Where this diverges from traditional sagardoa

We’re home makers, not a sagardotegi. The choices below reflect our skills and the gear we actually have — a hand press, buckets and demijohns, no wooden kupelas, a simple bottling wand. We leaned on a dependable wine yeast, a small nutrient schedule, and easy priming drops for repeatable results without specialist equipment.

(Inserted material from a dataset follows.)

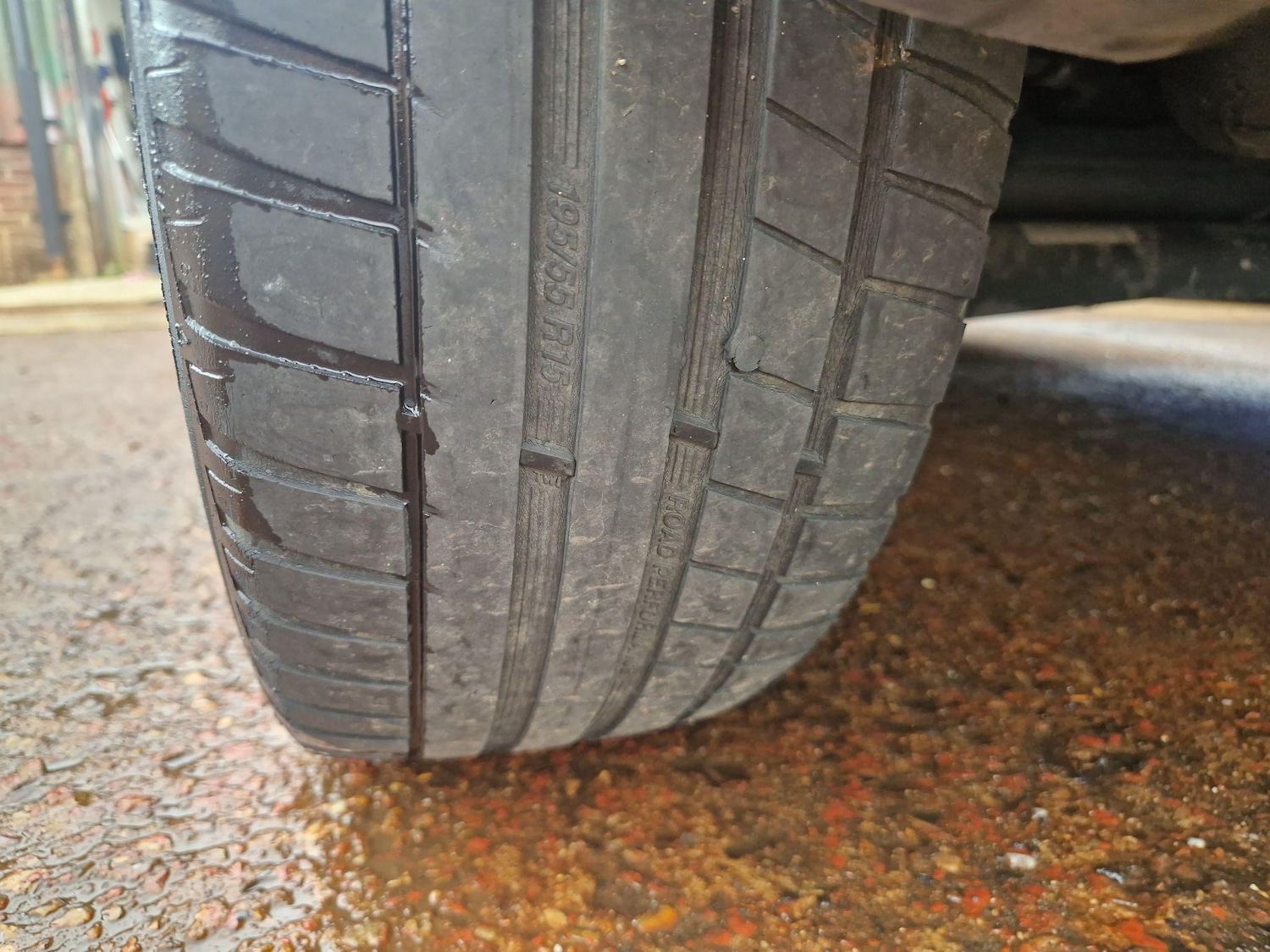 Used Ford Fiesta 2015 for sale - 76500683: Photo 31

  • Yeast: We used a cultured wine yeast (Lalvin 71B‑1122) rather than a wild/native ferment. Many Basque ciders are spontaneous or use house cultures.
  • Nutrients: We fed the ferment with Fermaid O. Classic sagardoa is more hands‑off with no added nutrients.
  • Carbonation method: We primed with dextrose drops at bottling instead of trapping residual sugar by bottling mid‑ferment (pet‑nat) or through keeving.
  • Strength: Our cider finished around 9.5% ABV, whereas Basque sidra is typically ~5–6%. Expect a firmer palate and longer aging curve.
  • Apples: An English garden blend (Golden Delicious, Lord Lambourne, John Downie crab) rather than traditional Basque bittersweet/bittersharp cultivars.
  • Aging vessel: We skipped long bulk aging in large wooden kupelas (chestnut/oak). We bottled young from primary for freshness.
  • Format: 330 ml crown‑capped bottles rather than the classic 700–750 ml green Basque bottles that are corked or crown‑capped.
  • Bottling straight from primary keeps a touch of lees character — more texture, natural sparkle, and that "alive" sidra feel.
  • Expect a compact sediment layer in each bottle; pour gently if you want it clearer or swirl the last splash for fullness. A short Basque‑style pour helps blow off any lingering sulphur.

These choices keep the spirit — lively, tart, and served with a short aerating pour — while making a Shrewsbury‑grown, home‑scale version that suits our apples and kit.